▸ Source data
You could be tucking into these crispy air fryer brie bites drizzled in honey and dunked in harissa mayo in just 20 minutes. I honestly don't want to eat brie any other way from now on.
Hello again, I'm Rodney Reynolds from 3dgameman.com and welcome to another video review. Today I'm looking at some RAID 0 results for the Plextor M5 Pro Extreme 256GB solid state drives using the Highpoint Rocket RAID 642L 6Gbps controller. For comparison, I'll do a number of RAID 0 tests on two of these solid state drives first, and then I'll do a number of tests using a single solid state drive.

...

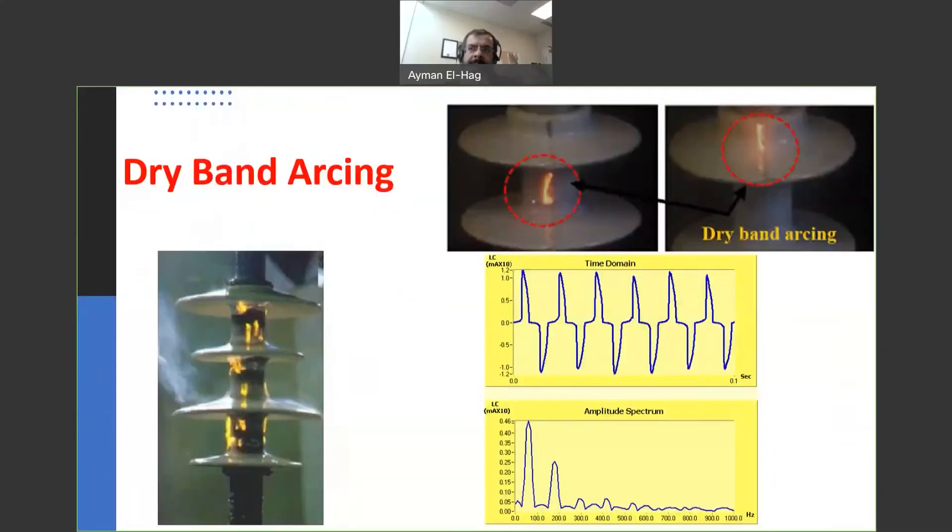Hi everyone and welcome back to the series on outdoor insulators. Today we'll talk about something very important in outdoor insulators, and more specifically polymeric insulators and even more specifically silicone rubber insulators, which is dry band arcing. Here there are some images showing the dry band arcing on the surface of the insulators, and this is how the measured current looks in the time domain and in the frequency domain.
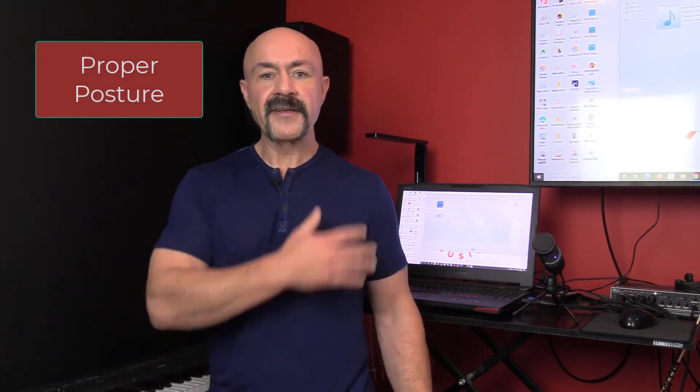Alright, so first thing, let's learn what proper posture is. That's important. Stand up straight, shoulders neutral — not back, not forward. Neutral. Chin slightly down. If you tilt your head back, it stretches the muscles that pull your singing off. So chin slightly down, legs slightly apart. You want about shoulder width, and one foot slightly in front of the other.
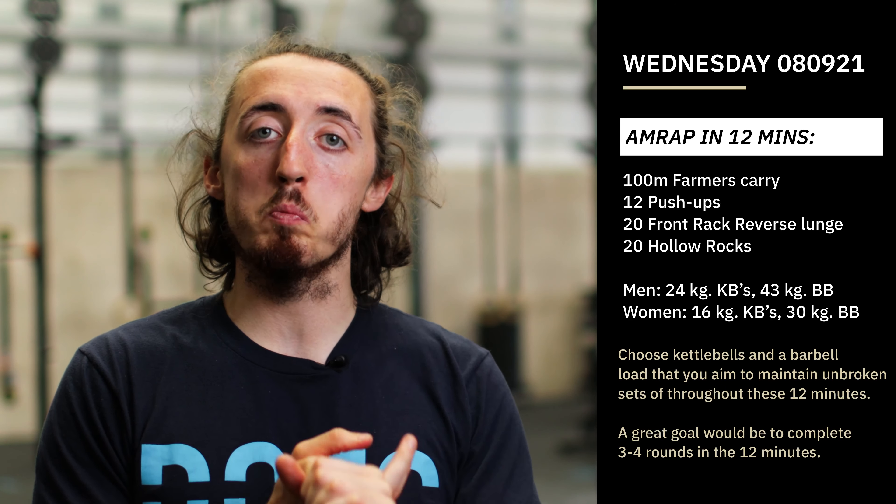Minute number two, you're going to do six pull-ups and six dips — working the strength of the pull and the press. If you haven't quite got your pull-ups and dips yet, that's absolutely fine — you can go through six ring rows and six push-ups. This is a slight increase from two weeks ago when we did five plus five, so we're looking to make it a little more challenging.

▸ Task
From the entries above, copy exactly the lines starting at the one with "Alright, so first" and stopping at the one with "Minute number two, you're", keeping both ends. Drop the pictures.

▸ Completed exercise
Alright, so first thing, let's learn what proper posture is. That's important. Stand up straight, shoulders neutral — not back, not forward. Neutral. Chin slightly down. If you tilt your head back, it stretches the muscles that pull your singing off. So chin slightly down, legs slightly apart. You want about shoulder width, and one foot slightly in front of the other.
Minute number two, you're going to do six pull-ups and six dips — working the strength of the pull and the press. If you haven't quite got your pull-ups and dips yet, that's absolutely fine — you can go through six ring rows and six push-ups. This is a slight increase from two weeks ago when we did five plus five, so we're looking to make it a little more challenging.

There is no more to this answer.